2) Dem Versicherten steht aus der Verletzung von Beratungs- und Hinweispflichten ein mit der Versicherungsleistung zu verrechnender Schadensersatzanspruch zu, wenn die Versicherung den Versicherungswert für ein landwirtschaftlich genutztes Gebäude ohne Hinzuziehung eines Fachmanns oder Sachverständigen zur Festsetzung des richtigen Versicherungswertes zu niedrig bemessen hat und dadurch eine Unterversicherung eingetreten ist (in Anknüpfung an BGH NJW-RR 1989, 410).

3) Darf sich der Versicherer auf eine Unterversicherung nicht berufen, so muß sich der Versicherte den Prämienvorteil im Wege des Vorteilsausgleichs anrechnen lassen.


OBERLANDESGERICHT KOBLENZ IM NAMEN DES VOLKES URTEIL

Geschäftsnummer: 10 U 719/98

Verkündet am 14. Januar 2000

in dem Rechtsstreit

Der 10. Zivilsenat des Oberlandesgerichts Koblenz hat durch den Vorsitzenden Richter am Oberlandesgericht Werner und die Richter am Oberlandesgericht Dr. Binz und Dr. Reinert

auf die mündliche Verhandlung vom 3. Dezember 1999

für Recht erkannt:

Tenor:

Auf die Berufung der Beklagten wird das Urteil der 6. Zivilkammer des Landgerichts Trier vom 26. März 1998 teilweise abgeändert und neu gefaßt:

Die Beklagte wird verurteilt, an den Kläger 97.974,71 DM nebst 4 % Zinsen seit 1.4.1995 zu zahlen.

Die weitergehende Klage wird abgewiesen.

Im übrigen wird die Berufung zurückgewiesen.

Von den Kosten des Rechtsstreits erster Instanz hat der Kläger 1/3, die Beklagte 2/3 zu zahlen.

Die Kosten des Berufungsverfahrens hat die Beklagte zu tragen.

Das Urteil ist vorläufig vollstreckbar.
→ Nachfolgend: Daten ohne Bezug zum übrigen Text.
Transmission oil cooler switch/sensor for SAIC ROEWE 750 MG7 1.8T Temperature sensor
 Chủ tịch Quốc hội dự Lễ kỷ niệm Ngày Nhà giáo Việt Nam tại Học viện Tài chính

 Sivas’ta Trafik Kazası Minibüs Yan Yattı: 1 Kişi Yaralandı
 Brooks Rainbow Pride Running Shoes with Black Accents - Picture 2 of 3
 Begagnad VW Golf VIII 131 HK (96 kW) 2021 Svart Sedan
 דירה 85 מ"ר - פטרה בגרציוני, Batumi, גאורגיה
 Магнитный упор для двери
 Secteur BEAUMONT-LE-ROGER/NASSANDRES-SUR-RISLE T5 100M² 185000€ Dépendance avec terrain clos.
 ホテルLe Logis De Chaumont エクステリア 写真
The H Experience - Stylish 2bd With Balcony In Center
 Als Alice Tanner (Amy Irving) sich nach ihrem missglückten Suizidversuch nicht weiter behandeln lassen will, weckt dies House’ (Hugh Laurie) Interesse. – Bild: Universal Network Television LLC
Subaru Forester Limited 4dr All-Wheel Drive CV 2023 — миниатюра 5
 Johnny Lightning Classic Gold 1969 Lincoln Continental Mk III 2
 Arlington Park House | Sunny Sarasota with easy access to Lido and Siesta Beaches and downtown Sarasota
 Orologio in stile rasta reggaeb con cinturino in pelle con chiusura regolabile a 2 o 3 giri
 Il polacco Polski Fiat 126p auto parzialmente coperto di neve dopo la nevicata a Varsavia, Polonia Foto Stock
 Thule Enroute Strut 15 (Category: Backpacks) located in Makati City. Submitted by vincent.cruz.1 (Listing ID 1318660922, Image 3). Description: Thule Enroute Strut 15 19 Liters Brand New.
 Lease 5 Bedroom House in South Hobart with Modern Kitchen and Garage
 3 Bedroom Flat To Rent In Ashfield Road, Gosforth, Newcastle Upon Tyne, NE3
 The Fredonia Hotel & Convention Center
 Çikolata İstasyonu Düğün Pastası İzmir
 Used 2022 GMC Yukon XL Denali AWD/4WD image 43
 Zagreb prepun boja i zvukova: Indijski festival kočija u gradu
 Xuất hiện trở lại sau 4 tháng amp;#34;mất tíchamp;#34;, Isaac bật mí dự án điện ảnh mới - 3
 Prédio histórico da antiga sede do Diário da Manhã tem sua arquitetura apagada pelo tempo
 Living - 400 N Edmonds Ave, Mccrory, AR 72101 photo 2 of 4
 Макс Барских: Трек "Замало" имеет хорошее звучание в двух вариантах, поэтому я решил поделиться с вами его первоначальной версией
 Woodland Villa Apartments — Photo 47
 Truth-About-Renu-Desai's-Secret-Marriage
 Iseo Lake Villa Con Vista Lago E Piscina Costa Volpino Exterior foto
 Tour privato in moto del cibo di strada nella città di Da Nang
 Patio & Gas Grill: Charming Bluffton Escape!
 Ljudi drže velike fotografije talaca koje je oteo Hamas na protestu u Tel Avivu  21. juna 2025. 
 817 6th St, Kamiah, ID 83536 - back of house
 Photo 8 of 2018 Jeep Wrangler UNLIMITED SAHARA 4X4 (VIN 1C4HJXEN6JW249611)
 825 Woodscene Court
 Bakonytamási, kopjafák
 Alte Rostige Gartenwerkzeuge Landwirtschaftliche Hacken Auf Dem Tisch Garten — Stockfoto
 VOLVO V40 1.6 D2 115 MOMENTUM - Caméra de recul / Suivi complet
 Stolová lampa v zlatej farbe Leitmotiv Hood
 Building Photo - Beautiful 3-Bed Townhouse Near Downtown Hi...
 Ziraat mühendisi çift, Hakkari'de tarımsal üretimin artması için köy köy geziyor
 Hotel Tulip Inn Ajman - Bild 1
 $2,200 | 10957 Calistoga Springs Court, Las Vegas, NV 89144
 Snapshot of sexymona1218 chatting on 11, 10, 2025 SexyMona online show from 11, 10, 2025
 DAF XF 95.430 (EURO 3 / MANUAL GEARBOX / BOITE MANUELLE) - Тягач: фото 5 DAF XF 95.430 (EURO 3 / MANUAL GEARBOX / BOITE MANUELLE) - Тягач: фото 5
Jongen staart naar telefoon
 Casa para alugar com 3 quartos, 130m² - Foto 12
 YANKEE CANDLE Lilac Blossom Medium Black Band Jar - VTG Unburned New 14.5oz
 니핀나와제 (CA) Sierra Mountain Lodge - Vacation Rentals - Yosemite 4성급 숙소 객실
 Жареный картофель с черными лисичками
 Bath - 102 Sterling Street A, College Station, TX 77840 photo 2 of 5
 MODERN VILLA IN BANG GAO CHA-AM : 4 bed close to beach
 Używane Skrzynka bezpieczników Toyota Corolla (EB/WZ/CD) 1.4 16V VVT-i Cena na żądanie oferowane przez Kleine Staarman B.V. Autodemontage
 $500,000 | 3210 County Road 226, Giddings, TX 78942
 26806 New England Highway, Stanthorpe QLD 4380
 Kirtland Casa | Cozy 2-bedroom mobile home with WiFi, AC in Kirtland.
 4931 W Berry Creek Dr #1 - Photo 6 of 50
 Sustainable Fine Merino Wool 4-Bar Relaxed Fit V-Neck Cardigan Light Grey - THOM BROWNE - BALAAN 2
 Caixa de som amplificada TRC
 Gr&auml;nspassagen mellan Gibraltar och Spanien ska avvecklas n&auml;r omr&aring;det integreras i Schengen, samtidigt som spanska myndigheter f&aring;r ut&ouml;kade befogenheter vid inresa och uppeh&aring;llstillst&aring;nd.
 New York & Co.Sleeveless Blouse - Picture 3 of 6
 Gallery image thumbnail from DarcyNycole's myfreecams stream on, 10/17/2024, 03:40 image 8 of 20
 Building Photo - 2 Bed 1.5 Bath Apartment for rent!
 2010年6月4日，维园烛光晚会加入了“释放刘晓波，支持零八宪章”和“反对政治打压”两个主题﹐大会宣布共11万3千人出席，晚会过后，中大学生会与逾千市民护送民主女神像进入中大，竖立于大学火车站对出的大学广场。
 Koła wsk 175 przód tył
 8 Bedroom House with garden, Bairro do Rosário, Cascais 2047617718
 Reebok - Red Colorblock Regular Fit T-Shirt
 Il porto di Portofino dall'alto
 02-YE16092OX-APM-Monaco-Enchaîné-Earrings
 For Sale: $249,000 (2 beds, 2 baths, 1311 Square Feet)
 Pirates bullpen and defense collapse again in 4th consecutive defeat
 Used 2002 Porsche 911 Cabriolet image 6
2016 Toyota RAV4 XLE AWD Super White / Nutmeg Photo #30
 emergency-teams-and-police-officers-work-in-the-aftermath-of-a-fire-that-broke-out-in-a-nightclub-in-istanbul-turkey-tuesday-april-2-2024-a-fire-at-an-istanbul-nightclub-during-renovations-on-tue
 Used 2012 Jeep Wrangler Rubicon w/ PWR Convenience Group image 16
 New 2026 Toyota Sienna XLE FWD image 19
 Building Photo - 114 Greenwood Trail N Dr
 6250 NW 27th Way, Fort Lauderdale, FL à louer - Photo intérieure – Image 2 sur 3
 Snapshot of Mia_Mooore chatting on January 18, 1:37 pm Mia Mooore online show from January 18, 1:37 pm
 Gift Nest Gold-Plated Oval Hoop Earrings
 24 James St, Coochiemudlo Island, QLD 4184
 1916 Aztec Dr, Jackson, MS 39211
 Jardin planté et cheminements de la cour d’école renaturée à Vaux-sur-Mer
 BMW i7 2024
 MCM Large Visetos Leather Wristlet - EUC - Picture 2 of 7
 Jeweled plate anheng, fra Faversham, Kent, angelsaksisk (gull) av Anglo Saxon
Die Beklagte kann die Vollstreckung durch Sicherheitsleistung oder Hinterlegung eines Betrages in Höhe von 160.000,-- DM abwenden, falls nicht der Kläger vor der Vollstreckung Sicherheit in gleicher Höhe leistet. Die Sicherheitsleistung kann auch durch unwiderrufliche, unbefristete und unbedingte Bürgschaft eines als Steuerbürgen zugelassenen Kreditinstituts ( § 244 Abs. 2 Satz 1 AO 1977) erbracht werden.

Tatbestand:

Der Kläger nimmt die Beklagte auf Leistungen aus einer Feuerversicherung in Anspruch.

Am 18./19.03.1994 kam es auf dem Anwesen des Klägers in M, zu einem Brand, bei dem eine Scheune mit Stall sowie ein vormaliges Wohnhaus fast vollständig niederbrannten. Im Jahre 1979 hatte der Kläger mit seiner Familie in der Nähe dieser Gebäude ein neu errichtetes Wohnhaus bezogen. Das bisherige Wohnhaus wurde ab diesem Zeitpunkt noch teilweise für landwirtschaftliche Zwecke genutzt.

Der Kläger hatte im Jahre 1963 bei der Beklagten für die abgebrannten Gebäude eine Feuerversicherung zum gleitenden Neuwert für Wirtschaftsgebäude abgeschlossen. Im Jahre 1971 wurden die Versicherungswerte unter Einbeziehung von Inventar und Ernte neu festgesetzt. Im Versicherungsschein vom 27.08.1971 (GA 7) wurde hinsichtlich des Wohnhauses ein Versicherungswert (1914) von 8.000,-- Mark und hinsichtlich Stall/Gebäude ein Versicherungswert von 5.000,-- Mark festgesetzt. Dem Versicherungsvertrag lagen die Sonderbedingungen für die Neuwertversicherung landwirtschaftlicher Gebäude (LBZ) und die Sonderbedingungen für gleitende Neuwertversicherung von Wohn- Geschäfts- und landwirtschaftlichen Gebäuden (SGIN 79 a) zugrunde.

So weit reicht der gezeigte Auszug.